Formally proving “honesty” in the general case is impossible, due to the complexity of value problem, but we can make some partial guarantees to reduce risk. For example, we could formally prove that a certain kind of action cannot be taken in less than 7 days, or that a certain kind of action cannot be taken for 48 hours if the curators of a given DAO vote to flip a switch. In an AI context, such proofs could be used to prevent certain kinds of simple bugs in the reward function, that would result in a completely unintended behavior appearing to the AI to be of extremely high value.
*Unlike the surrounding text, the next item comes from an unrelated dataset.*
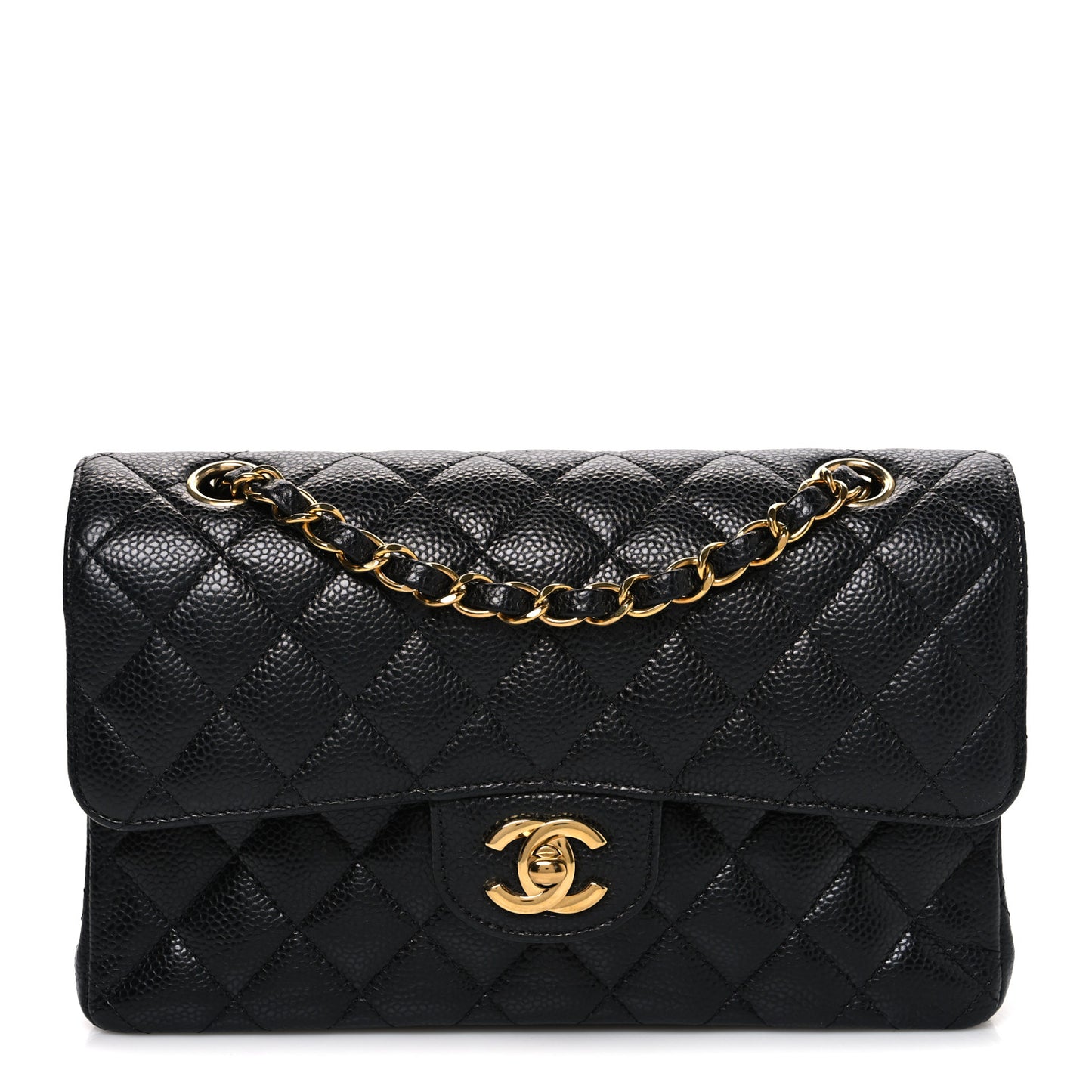 Caviar Quilted Small Double Flap Black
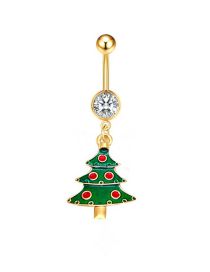 Fashion E Stainless Steel Inlaid Dripping Oil Christmas Tree Pat The Navel Nail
Of course, many other communities have been thinking about formal verification for many years already, but now it is being explored for a different use in a novel setting.

Meanwhile, one example of a concept promoted in the AI safety circles that may be highly useful to those building economic systems containing DAOs is superrational decision theories — essentially, ways to overcome prisoner’s dilemma situations by committing to run source code that treats agents which also commit to run that source code more favorably. One example of a move available to open-source agents that is not available to “black box” agents is the “values handshake” described in a short story by Scott Alexander: two agents can agree to both commit to maximize a goal which is the average of the two goals that they previously had. Previously, such concepts were largely science fiction, but now futarchy DAOs can actually do this. More generally, a DAO may well be a highly effective means for a social institution to strongly commit to “running source code” that has particular properties.

“The DAO” is only the first in a series of many that will be launched over the course of this year and the next, and you can bet that all of the subsequent examples will learn heavily from the lessons of the first one, and each come up with different and innovative software code security policies, governance algorithms, curator systems, slow and phased bootstrap and rollout processes and formally verified guarantees in order to do its best to make sure that it can weather the cryptoeconomic storm.

Finally, I would argue that the biggest lesson to learn from the crypto community is that of decentralization itself: have different teams implement different pieces redundantly, so as to minimize the chance that an oversight from one system will pass through the other systems undetected. The crypto ecosystem is shaping up to be a live experiment comprising many challenges at the forefront of software development, computer science, game theory and philosophy, and the results, regardless of whether they make it into mainstream social applications in their present form or after several iterations that involve substantial changes to the core concepts, are welcome for anyone to learn from and see.